When R.C. 5122.10 is analyzed, it becomes evident that the written statement serves as a type of affidavit, to ensure that at least a minimal level of probable cause exists that court-ordered hospitalization is necessary before a *103person can be involuntarily committed. The written statement, in this case that of the police officers, is a requirement for the initiation of an emergency involuntary commitment. The transporting police officers gave no such written statement to the hospital; hence, due process was not afforded appellant at this early stage of his commitment process.

B

When a person is involuntarily committed, R.C. 5122.05(C) requires that he or she be informed of various rights, specifically: (1) the right to make telephone calls to contact an attorney or physician; (2) the right to counsel and to an independent expert evaluation (at public expense if necessary); and (3) the right to a hearing. It is immaterial whether appellant knew of these rights, or whether he in fact exercised them. The fundamental importance of the right to counsel, and to a hearing, in civil commitment proceedings was recognized in In re Fisher (1974), 39 Ohio St.2d 71, 68 O.O.2d 43, 313 N.E.2d 851. Appellant was not afforded due process of law since he was not informed of the rights set forth in R.C. 5122.05(C).

C

After a person alleged to be mentally ill and subject to court-ordered hospitalization is transported involuntarily to a hospital, R.C. 5122.10 requires that the person be examined within twenty-four hours by the hospital staff. Following the examination, the chief clinical officer2 of the hospital has two options: if he or she believes the person is not mentally ill subject to hospitalization by court order the person must be released (unless a court has already issued a temporary detention order); or if the chief clinical officer believes the person is mentally ill subject to hospitalization by court order, he or she may detain the person for up to three court days following the date of the examination. If the latter course of action is followed, and if the person has not in the meantime accepted voluntary commitment, the chief clinical *104officer must then by the end of the third day either file an affidavit under R.C. 5122.11, thereby initiating court commitment proceedings, or discharge the patient. R.C. 5122.10.

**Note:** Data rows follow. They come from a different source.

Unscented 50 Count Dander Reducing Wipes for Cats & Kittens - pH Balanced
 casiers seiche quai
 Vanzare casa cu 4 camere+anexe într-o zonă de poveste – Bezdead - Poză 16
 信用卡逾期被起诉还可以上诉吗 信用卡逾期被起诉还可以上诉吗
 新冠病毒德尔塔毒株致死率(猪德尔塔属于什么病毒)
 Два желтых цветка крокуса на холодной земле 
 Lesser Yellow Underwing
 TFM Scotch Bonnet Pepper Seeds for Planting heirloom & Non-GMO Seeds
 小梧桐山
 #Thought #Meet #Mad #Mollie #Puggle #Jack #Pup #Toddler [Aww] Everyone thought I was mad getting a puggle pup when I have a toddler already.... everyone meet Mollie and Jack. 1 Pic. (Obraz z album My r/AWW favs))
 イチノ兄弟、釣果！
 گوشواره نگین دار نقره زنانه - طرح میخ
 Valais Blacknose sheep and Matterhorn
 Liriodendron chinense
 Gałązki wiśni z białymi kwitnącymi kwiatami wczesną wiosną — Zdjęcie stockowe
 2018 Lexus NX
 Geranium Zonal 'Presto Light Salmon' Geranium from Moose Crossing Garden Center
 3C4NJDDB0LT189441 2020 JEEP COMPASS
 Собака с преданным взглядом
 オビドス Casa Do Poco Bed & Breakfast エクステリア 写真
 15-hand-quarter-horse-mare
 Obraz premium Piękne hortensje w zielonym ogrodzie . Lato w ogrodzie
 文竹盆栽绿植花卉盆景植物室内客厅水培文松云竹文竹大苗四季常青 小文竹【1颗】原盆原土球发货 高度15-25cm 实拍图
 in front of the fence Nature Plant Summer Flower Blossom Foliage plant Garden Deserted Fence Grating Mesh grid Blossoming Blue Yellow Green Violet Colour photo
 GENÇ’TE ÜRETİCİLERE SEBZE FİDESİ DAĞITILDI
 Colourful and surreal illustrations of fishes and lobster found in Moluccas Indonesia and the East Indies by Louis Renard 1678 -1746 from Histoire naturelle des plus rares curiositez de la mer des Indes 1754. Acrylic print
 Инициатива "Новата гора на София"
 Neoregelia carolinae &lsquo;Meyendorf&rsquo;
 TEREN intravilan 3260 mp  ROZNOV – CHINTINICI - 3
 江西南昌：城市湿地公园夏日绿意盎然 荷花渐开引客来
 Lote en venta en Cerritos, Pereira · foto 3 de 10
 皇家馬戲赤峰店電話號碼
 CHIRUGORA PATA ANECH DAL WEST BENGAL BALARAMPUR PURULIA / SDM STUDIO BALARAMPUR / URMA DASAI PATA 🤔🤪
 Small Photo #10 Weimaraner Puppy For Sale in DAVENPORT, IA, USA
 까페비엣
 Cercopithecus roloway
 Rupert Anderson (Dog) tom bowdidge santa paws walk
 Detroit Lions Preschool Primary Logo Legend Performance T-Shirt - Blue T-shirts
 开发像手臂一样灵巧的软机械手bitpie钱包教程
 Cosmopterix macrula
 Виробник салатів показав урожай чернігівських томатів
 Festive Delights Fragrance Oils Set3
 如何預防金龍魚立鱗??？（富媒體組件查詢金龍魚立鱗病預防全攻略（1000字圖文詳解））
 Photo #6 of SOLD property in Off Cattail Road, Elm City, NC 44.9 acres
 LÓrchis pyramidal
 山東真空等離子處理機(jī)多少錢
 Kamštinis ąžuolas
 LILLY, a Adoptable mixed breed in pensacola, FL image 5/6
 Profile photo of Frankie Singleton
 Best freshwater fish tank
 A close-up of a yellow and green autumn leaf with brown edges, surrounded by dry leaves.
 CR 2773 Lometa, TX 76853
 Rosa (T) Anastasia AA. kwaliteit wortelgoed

Appellant argues that only the chief clinical officer can file the affidavit in an emergency commitment situation, and because in this case a social worker filed the affidavit, the jurisdiction of the probate court was never properly invoked. We note that “any person or persons” may file an affidavit to begin the commitment process in a non-emergency hospitalization under R.C. 5122.-11. However, in an emergency hospitalization, when the person is already in custody, the chief clinical officer is required to file the affidavit. See R.C. 5122.10.

Appellee contends that R.C. 5122.01(K) allows a chief clinical officer to delegate the duties imposed by R.C. Chapter 5122, and that therefore the social worker’s signing of the affidavit did not constitute a due-process violation. It is clear that R.C. 5122.01(K) permits the chief clinical officer to delegate his responsibilities. However, the statute is somewhat ambiguous, in that it contains two different provisions that allow someone other than the chief clinical officer to perform those duties. The chief clinical officer may “delegate to the attending physician responsible for a patient’s care” those duties imposed on the chief clinical officer by R.C. Chapter 5122. In the event of the chief clinical officer’s absence, R.C. 5122.01(E) also provides that his or her duties may be performed by “[a] licensed physician or licensed clinical psychologist designated by the chief clinical officer * * *.”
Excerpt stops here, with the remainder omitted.